When no compromise is possible
You’ll give me a beautiful treatment, and I’ll give you money for it. Maybe. It’ll be a compromise. You don’t look at other girls, I don’t drill your brain for it. Compromise.
On breaking up, she said: “You don’t know how to compromise. You live your life the way you want and spit on others. I can’t live like that anymore.”
I said: “How’s that? I don’t understand.”
She said: “You don’t care about me.”
I said: “What makes you think that?”
She said: “In all the time we’ve lived together, you haven’t given me a single complaint. That’s not the way it works. No matter what I did, you just smiled. It’s not normal, it can’t be like this and it can’t go on like this. You could have at least pretended to care.”
And I said: “Yeah, you’re probably right. I don’t know how to compromise.”
And she left.
***
When I was six years old, my dad left us. And my mom found herself alone with two kids and a lot of debt. Working two and a half jobs, it’s very hard to pay enough attention to the kids. And my little brother and I grew up on our own. Pretty quickly we learned to run the household, cope with problems, and deal with each other without resorting to outside help.
It is true that sometimes my mother would have days off. And sometimes she had enough energy left to take care of our upbringing. Now I understand that at such moments she was trying to catch up, trying to get involved in our lives. But she had very little time, and all the involvement was dumped on us in a big, squeezed lump. And then we were only perplexed and tried to get away as quickly as possible: Mama, we are brought up as we are. And the diary entries had long since been dealt with. And that glass was broken a week ago, why talk about it now? And my brother and I had a fight the day before yesterday, and yesterday we made up. What’s there to talk about?
But there was plenty to talk about. Because she had to talk about it.
And we gradually developed a simple approach to life: what we need, we will do ourselves. If we don’t do it, we don’t really need it. The main thing is to leave us alone and don’t ride our brains out. That’s the best thing you can do for us. And we’re not going to ride on your brains. It’s the best thing we can do for you.

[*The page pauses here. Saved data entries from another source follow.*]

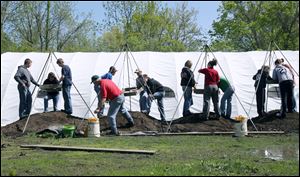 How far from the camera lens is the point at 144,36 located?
4328 cm

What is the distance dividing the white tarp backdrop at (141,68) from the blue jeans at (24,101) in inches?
11.5

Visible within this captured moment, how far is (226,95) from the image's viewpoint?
1694 centimetres

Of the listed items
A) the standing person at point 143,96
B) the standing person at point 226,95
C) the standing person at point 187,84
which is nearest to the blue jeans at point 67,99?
the standing person at point 143,96

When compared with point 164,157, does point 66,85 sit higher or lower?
higher

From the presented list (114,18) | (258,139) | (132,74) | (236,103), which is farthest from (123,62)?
(114,18)

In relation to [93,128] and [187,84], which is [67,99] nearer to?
[93,128]

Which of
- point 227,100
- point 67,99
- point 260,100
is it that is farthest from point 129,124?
point 260,100

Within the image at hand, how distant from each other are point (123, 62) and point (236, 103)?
176 inches

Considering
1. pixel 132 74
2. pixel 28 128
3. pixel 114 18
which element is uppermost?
pixel 114 18

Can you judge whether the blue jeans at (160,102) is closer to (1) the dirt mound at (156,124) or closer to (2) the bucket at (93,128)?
(1) the dirt mound at (156,124)

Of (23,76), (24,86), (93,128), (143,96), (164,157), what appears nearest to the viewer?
(164,157)

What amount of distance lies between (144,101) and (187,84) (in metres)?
1.67

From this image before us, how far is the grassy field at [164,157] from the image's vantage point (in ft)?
27.1

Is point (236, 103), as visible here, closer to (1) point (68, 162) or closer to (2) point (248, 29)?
(1) point (68, 162)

I haven’t been able to compromise since then. This inability sooner or later led to breakups with all the women I lived with. All of them. Without exception.
You don’t care about me!
Why would you think that?
Because you let me do whatever I want. That’s not how it works.
Yes, it does.
You could at least pretend to be interested in me. You could have at least acted jealous when I was dancing with that moron.
What for? If you like dancing with him, dance with him. It’s beautiful.

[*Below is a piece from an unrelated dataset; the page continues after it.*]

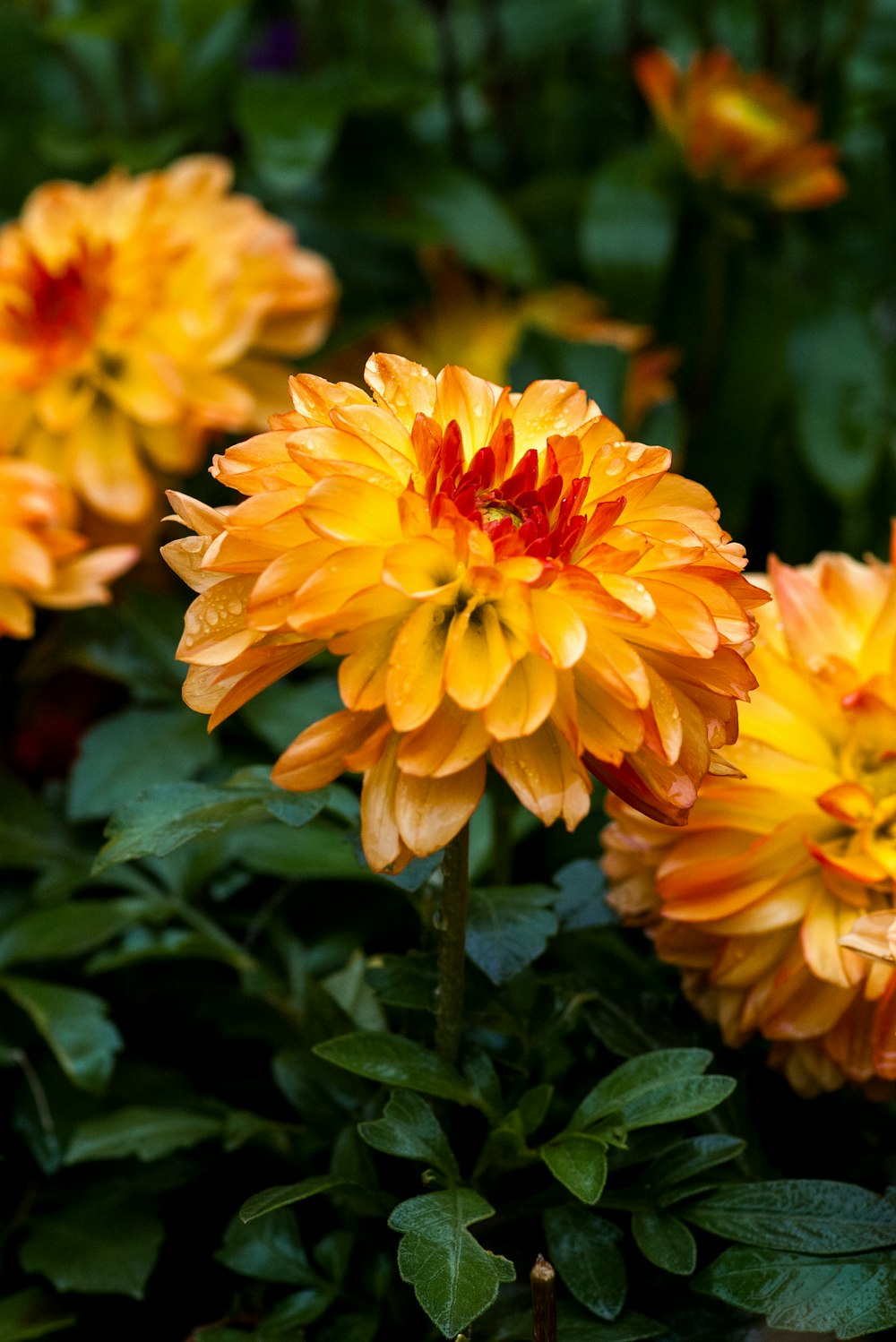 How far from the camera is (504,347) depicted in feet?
3.87

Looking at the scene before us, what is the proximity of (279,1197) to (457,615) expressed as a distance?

I don’t like it! He’s a moron. I thought you’d take me away from him. You never did. You don’t care about me at all.
I do care.
I don’t believe you. You could at least pretend to care. For my sake.

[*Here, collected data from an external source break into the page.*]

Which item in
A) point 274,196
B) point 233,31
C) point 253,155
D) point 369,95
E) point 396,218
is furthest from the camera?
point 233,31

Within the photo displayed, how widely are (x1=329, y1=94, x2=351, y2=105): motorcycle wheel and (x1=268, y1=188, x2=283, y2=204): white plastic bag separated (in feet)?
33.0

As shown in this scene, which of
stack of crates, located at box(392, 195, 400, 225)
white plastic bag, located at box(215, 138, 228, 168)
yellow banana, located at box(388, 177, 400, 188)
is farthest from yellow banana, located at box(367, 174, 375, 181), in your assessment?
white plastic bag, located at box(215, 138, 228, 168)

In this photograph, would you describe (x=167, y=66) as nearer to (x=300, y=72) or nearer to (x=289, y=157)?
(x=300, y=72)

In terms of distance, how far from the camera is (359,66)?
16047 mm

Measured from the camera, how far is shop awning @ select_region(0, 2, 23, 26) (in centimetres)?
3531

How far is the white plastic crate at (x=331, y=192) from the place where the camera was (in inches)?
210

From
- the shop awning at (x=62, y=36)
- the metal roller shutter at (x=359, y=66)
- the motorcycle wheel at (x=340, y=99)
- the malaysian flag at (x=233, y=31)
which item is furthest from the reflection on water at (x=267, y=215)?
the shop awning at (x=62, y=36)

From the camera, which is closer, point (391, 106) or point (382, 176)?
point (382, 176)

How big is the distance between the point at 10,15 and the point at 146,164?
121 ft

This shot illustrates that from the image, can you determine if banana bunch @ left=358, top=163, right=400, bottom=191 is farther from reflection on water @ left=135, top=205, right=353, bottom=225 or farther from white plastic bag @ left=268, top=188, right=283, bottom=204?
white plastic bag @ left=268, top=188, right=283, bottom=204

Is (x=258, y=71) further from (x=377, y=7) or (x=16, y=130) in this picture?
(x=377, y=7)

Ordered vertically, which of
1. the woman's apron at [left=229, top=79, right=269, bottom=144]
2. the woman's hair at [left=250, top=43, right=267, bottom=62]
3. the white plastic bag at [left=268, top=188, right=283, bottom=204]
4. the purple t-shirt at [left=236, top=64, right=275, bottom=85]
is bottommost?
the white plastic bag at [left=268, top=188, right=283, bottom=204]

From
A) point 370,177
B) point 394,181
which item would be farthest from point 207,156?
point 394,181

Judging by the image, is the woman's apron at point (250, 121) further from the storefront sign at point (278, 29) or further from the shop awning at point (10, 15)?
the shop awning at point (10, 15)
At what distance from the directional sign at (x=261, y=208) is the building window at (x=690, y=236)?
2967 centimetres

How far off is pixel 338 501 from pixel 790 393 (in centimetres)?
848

What’s the trade-off? For some reason, every time there’s talk of compromise, the conversation comes to the point where I have to do something. Why? For there to be a compromise. Why compromise? To make my opposite party happy with life.
But do I make him dissatisfied with life? No. I don’t make him dissatisfied. But let me compromise anyway, because there’s no one else. Somebody has to take care of his comfort. Let that be me.
The formula for compromise, which is used everywhere, looks like this: get into someone else’s space; see if you like it or not; if you like it, start bargaining about the terms on which you will stay in that space. This is a compromise. But it sounds a lot like blackmail.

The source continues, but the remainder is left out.